Bob a Cortina: un progetto tutt’altro che sostenibile
Tra disboscamenti e proteste, aperto il 21 febbraio scorso il cantiere dei Giochi Olimpici Invernali 2026
di Manuel Fumento
A dicembre, a contorno di una breve cronistoria, ci eravamo lasciati con dubbi e perplessità su cosa ne sarebbe stato delle gare di bob, skeleton e slittino ai Giochi Olimpici Invernali di Milano-Cortina 2026.
Due mesi dopo, a inizio febbraio, la scelta è stata quella di procedere col progetto “light” della pista a Cortina fortemente voluto dal ministro delle Infrastrutture Matteo Salvini e dal governatore del Veneto Luca Zaia.
Tuttavia, il progetto in questione di light non ha nulla. Al via del cantiere lo scorso 21 febbraio, a cui partecipano anche 90 operai novergesi, si sono accese le motoseghe ed è iniziato lo scempio ambientale. 500 i larici secolari che stanno facendo spazio alla costruzione della pista. Tante le proteste di organizzazioni come il Club Alpino Italiano e il WWF contro la deforestazione in atto. A loro si è unito il violoncellista Mario Brunello che, tra il tonfo dei larici cadenti, ha suonato in segno di protesta. “E’ una richiesta di pietà – ha detto Brunello – per uno scempio che sta avvenendo in questo bosco di Ronco per un’improbabile pista di bob”.

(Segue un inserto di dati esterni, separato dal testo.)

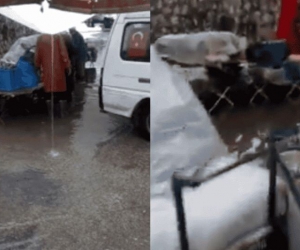 Yağmur pazarcı esnafını vurdu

L’insostenibilità di questo progetto non è solo ambientale: è anche economica e sociale. Il preventivo iniziale per la costruzione della pista era di 85 milioni di euro ma a causa dell’inflazione e dell’abnorme ritardo accumulato è salito a 125 milioni. Inoltre, per mantenere attiva la pista nel post Olimpiadi (requisito fondamentale per l’approvazione del CIO) ci vorranno circa 1,4 milioni di euro l’anno. A far le spese della propria esistenza, oltre ai larici, anche alcune attività del territorio come il parco avventura di Cortina costretto allo smantellamento a carico del proprietario, come raccontato da L’Indipendente.

Le preoccupazioni si moltiplicano se consideriamo che, a fronte di questa gigantesca spesa socioeconomica e ambientale, la scadenza di consegna è a marzo 2025 per consentire i collaudi al CIO. Meno di 400 giorni per un cantiere che ne avrebbe bisogno di minimo 625: il fallimento è dietro l’angolo. In ogni caso il CIO, chiaramente poco fiducioso sulla riuscita dell’impresa, sta preparando un piano B con una pista all’estero.

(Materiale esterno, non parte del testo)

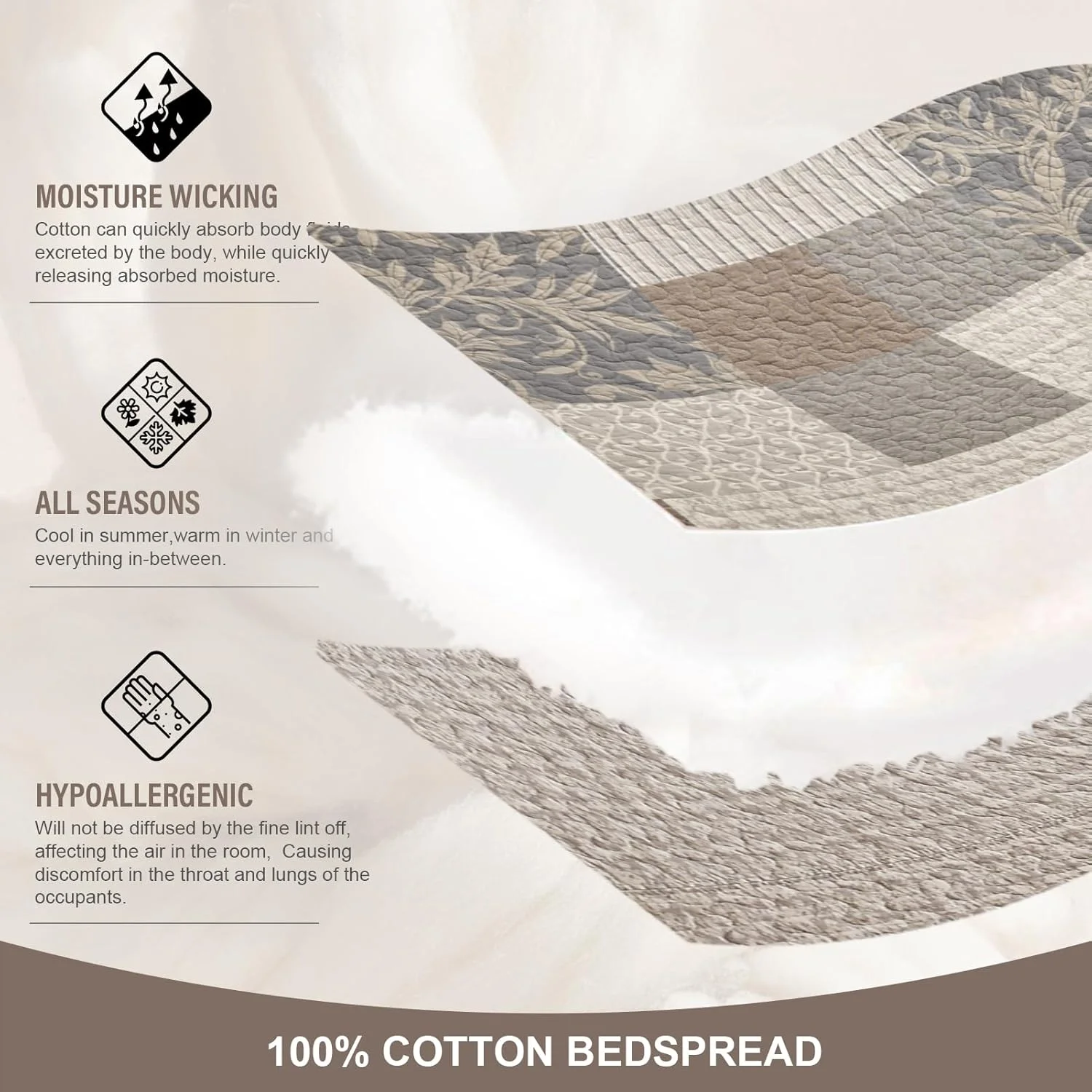 روتختی کینگ سایز بزرگ طرح مزرعه فاین استیچری 305x305 سانتی متر، لحاف بزرگ چهارخانه 100% پنبه به همراه 2 روبالشتی، رو تختی سبک وزن دو طرفه، خاکستری/بژ/قهوه ای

Ricapitolando, in caso di gare all’estero, la beffa non sarebbe né doppia, né tripla, né quadrupla ma infinitesimale. Ci ritroveremmo con: un bosco di larici secolari strappato via, un paesaggio inevitabilmente rovinato, un impianto costosissimo e incompleto che sarà raramente utilizzato (se non proprio abbandonato) e ricadute economiche a lungo termine sul comune ampezzano per circa 1,4 milioni di euro l’anno.
Tutto questo per uno sproporzionato orgoglio nazionale nel non volere spostare le gare all’estero.